Why? An e-reader doesn’t smell right or feel right and has no substance.  Reading an ebook is just like reading a technical pdf (and I had quite enough of them in my last job, thank you very much). It’s utilitarian. It has no soul. And I can’t take it into the bath.

Picking up the Kindle is nothing like walking into my library and seeing the rows of old friends on the shelves, each one of which instantly evokes a fragment of the story, or the holiday where I first read it, or the birthday for which it was a present. An e-reader to me is a tool, and as unromantic as a screwdriver.

We all need screwdrivers sometimes, but we don’t keep them on display like the best china. We bring them out when we need them, then put them away again. And so it will be with my Kindle, I think.

I’ve just finished reading my first ebook, and if the author wasn’t a friend I would feel no compunction whatsoever about deleting it from the device. Yet every paper book I’ve ever bought remains on the shelves in the library – even the ones I didn’t really enjoy that much – and anyone who tries to get me to part with any of them is liable to get hurt.

Oh, come on. Which of these two would you rather pick up?

 

4 Comments

  1. Bob

    My Kindle has been joining me in the bath for over two years Ellie, and it’s fine. In a whole lifetime of reading in the bath I think I’ve dropped a book in just the once. Given the number of baths I’ve had, it’s a risk I’m prepared to take.

    The pragmatist in me loves my Kindle and since I spend over two hours a day on a bus getting to and from the office, I wouldn’t be without it.

    The romantic in me still loves the feel and smell of a book.

    What many people in the whole ebook debate seem to forget though, is that the most important thing is what’s in the book: a great story, beautifully written is what it’s really all about.

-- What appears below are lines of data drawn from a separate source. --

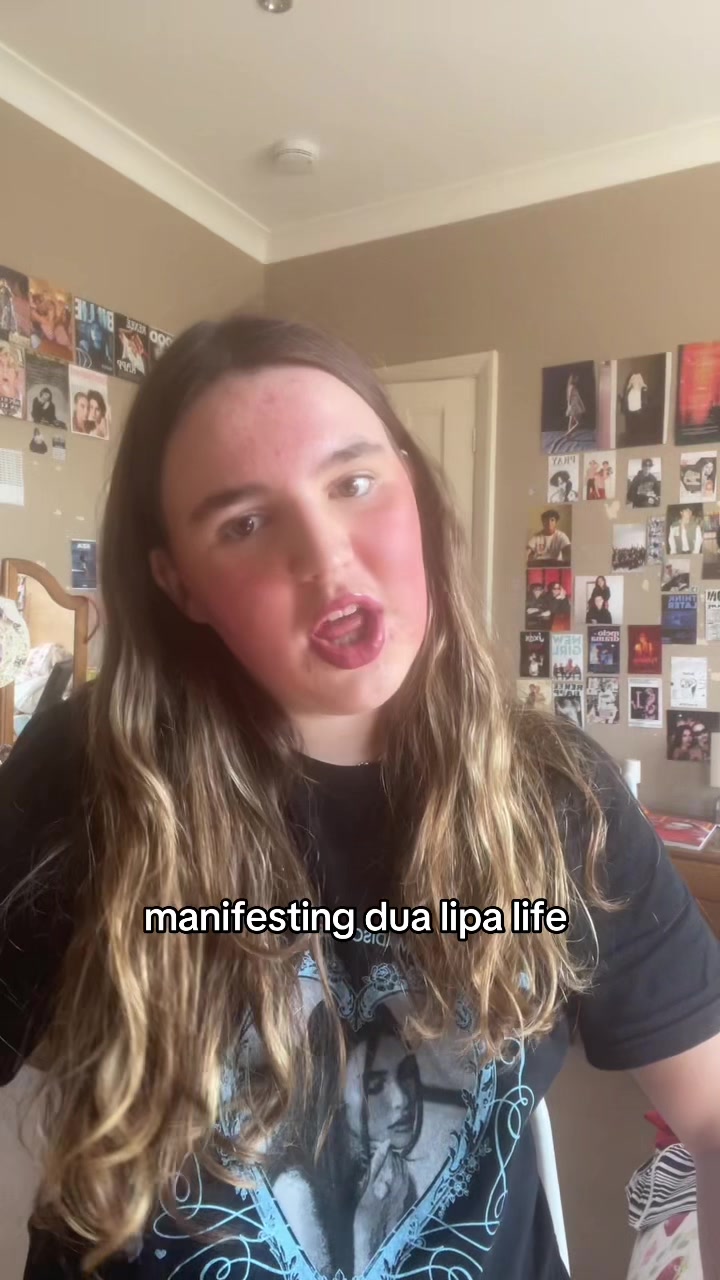 @Roisin ౨ৎ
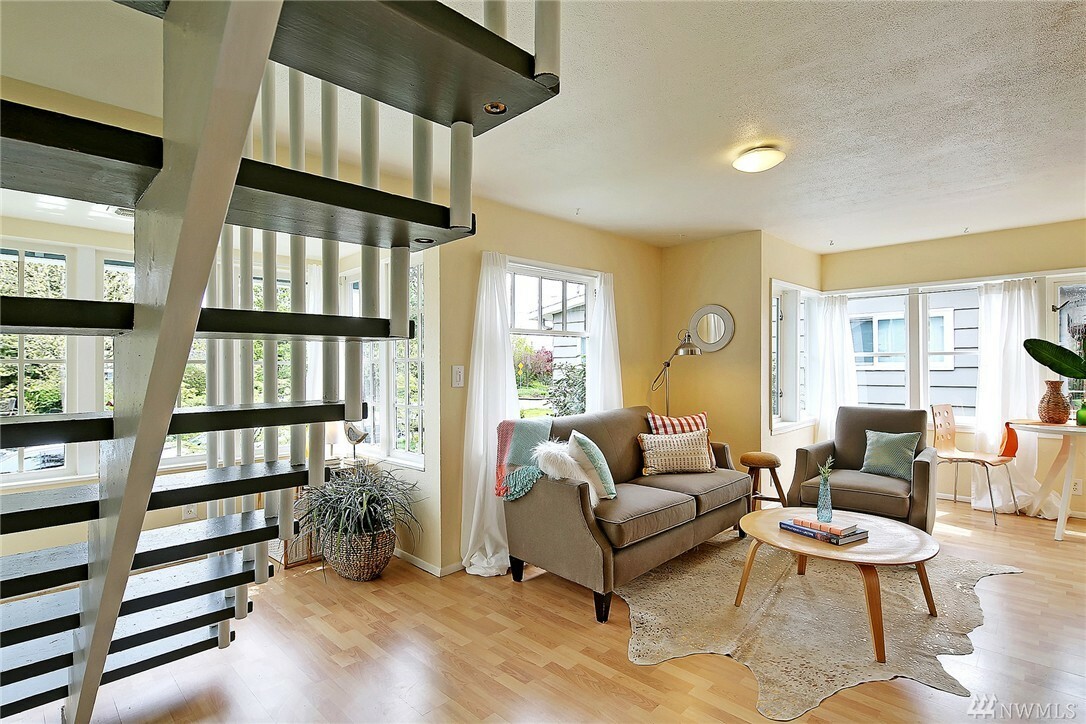 Property Photo:  5109 Keystone Place N  WA 98103 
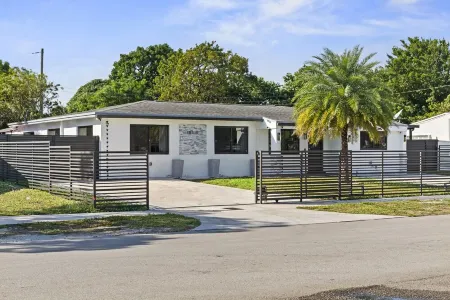 Fun Getaway: Pool, Jacuzzi, Games, 7BR, Stadium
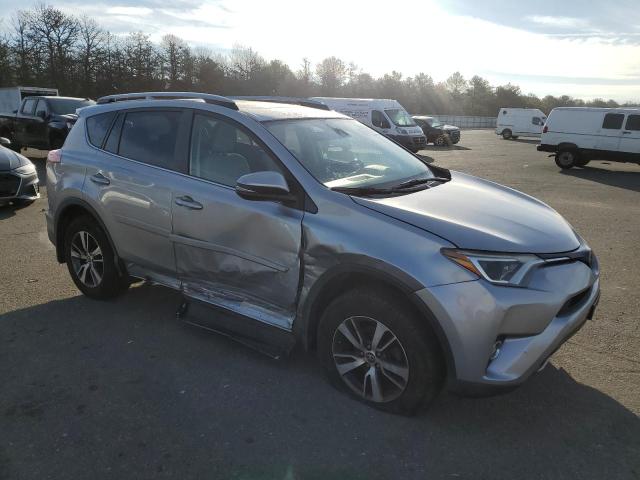 Photo 4 from auction – 2018 TOYOTA RAV4 ADVEN with VIN JTMRFREV3JJ220162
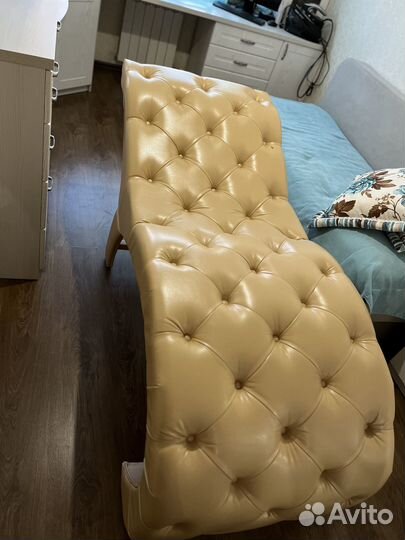 Анатомическая кушетка для наращивания ресниц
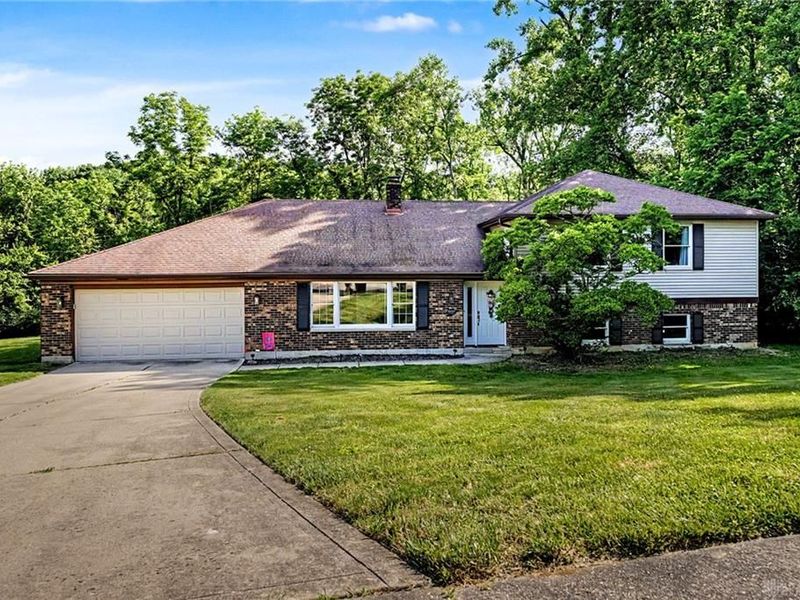 6820 Sycamore Creek Court, Washington Township, OH 45459 Photo 1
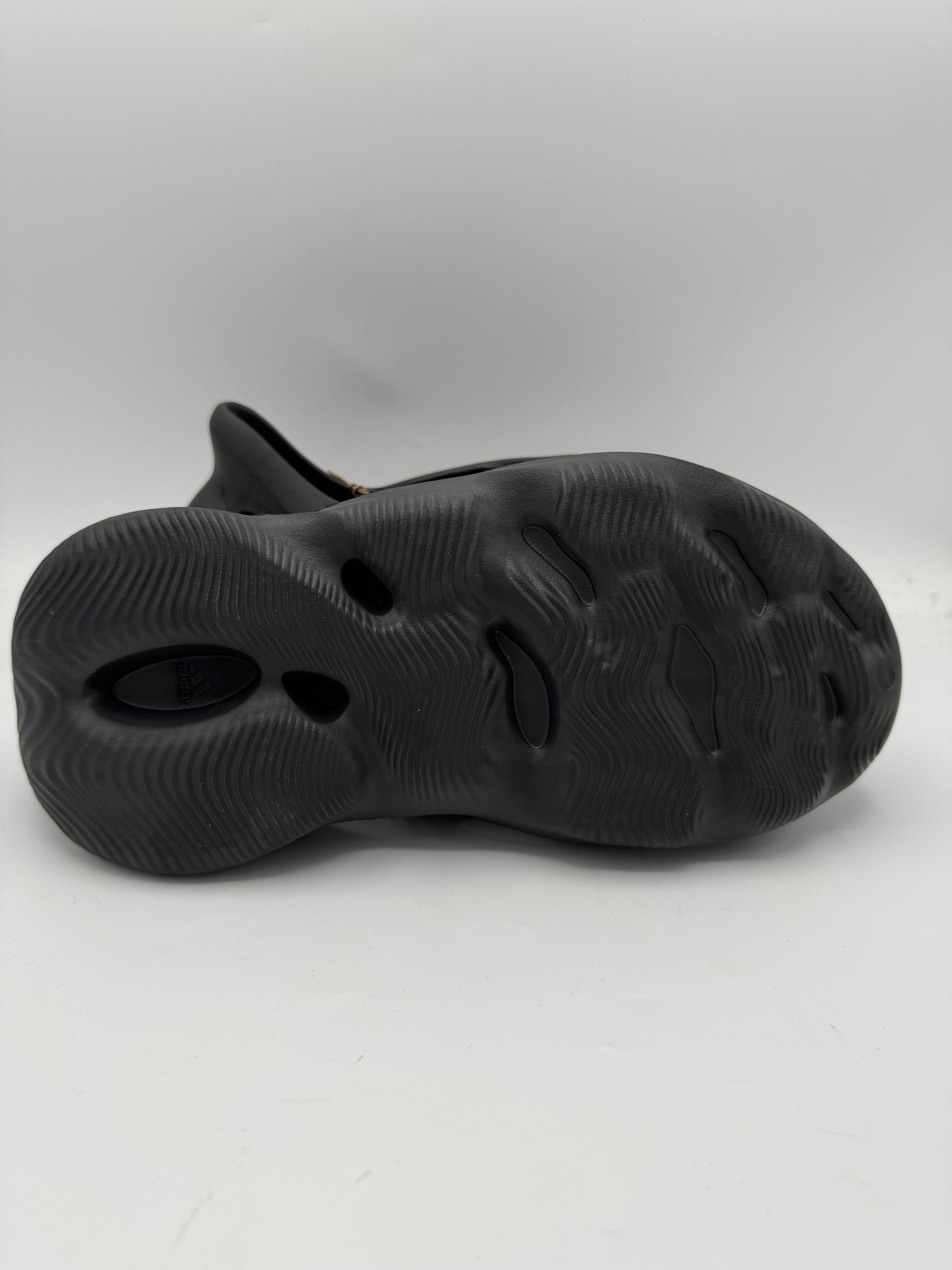 Adidas Yeezy Foam Runner Black Onyx Size US 10 / EU 43 - 3 Thumbnail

    BTW: Don’t try to read any kind of reference book on a Kindle, it just doesn’t work. Sequential text only.

  2. fred limberg

    Ellie,

    Here’s a trick for you to use with your new shiny. Convert something you want to read, which can include passages of your work you’re trying to get a feel for, things friends send you, whatever…..Make it a PDF file…jink it up to 22 in size and make the font ARIAL…

    it will read on your kindie almost perfectly

    no MOBI needed…

    you’re welcome!

    fred

  3. Sam Adamson

    No contest! It’s the papery one on the right for me. If my iPod hadn’t come with an e-book reader I doubt very much whether I’d have ever bothered with one. That said, I also have a bit of an issue with Kindle. The Kindle for PC program allows me to add free e-books in Kindle format to it, but the iPod app will only sync those Kindle books I’ve bought from Amazon, both of them.

  4. Gary Cowell

    This. I’ve got all the technology going, and the Kindle 3 is a very impressive bit of kit. My problems with it are manifest though.

    It doesn’t feel, smell or handle like a book. The refresh annoys me, my reading speed if I’m reading easy SciFi can be such that eBook readers spend a lot of time refreshing and that flash still gets on my nerves. That’s one collection of issues.

    The next collection of issues is, I haven’t found anything on Kindle store I want to read. The last three books I’ve looked for haven’t been on there. Some others have been on Kindle store but the eBook price has been higher than the hardback, which isn’t so good.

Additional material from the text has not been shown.